Combine instant compute (Modal: sub-second containers, GPU snapshots) with instant inference and externalized state, and agents become ephemeral actions — spin up, load context, execute, write results, die. The "agent" is the workflow orchestration, not the process. Modal is already moving here with Sandboxes (50,000+ concurrent, sub-second startup, filesystem and memory snapshots for instant resume), and the inference side is shifting just as fast. Cerebras is hitting 2,600+ tok/s on Llama 4 Scout (19x faster than GPU solutions), 2,500+ tok/s on Maverick (~2.4x Blackwell), and 3,000 tok/s on OpenAI gpt-oss-120B — all driven by their WSE-3's 44GB on-chip SRAM at 21 PB/s bandwidth, which eliminates the HBM bottleneck that limits GPU inference. Taalas takes a more radical approach: their HC1 chip etches the model weights directly into silicon (mask ROM, no HBM, TSMC 6nm), hitting ~17,000 tok/s per user on Llama 3.1 8B — at the cost of running only that one model. Different paths, same direction: inference latency is collapsing.

This isn't just about inference. Every layer in the agent stack is converging on the same "instant" target.
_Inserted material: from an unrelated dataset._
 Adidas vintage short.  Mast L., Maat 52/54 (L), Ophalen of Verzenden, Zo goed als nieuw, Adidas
Container startup, model loading, token generation — and now the agent runtime itself. Agent Substrate, a new project from Kubernetes co-founder Tim Hockin, multiplexes hundreds of stateful agent sessions onto a small pool of Pods with sub-second activation and full state snapshots — 30× oversubscription on early demos. It's solving the same problem as Modal Sandboxes, but natively on Kubernetes. The pattern is the same everywhere: reduce startup time, externalise state, treat the process as disposable.
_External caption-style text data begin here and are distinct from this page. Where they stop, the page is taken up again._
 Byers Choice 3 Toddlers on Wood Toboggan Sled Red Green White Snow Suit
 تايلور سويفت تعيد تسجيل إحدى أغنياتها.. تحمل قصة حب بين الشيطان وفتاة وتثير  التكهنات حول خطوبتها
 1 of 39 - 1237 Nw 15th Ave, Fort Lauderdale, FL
When every part of the pipeline is instant, the cost model flips. Long-running agents pay for idle time between actions; ephemeral agents pay only for execution and scale to zero between steps. A "session" becomes a chain of ephemeral invocations with shared external state.

The obvious counter-argument: state reload becomes the new bottleneck. If an ephemeral agent hydrates context from external storage on every invocation, that I/O cost replaces the cold start cost. But context is orders of magnitude smaller than a full process image (KBs–low MBs vs. GBs), it can be pre-fetched or streamed, and Modal's own storage layer (modal.Volume, modal.Dict) is co-located for exactly this pattern. Ephemeral agents trade one bottleneck (process startup) for another (state hydration) — but the ratio is shifting fast, and we're likely at the beginning of a 12–18 month transition.

Where this leaves us

The infrastructure thesis is simple: fast-enough startup changes what's architecturally possible. We're moving from "agents are long-running processes" to "agents are instant actions triggered by events." The companies that figure out the orchestration layer on top of instant infrastructure will define the next wave.

What does agent architecture look like when startup is free?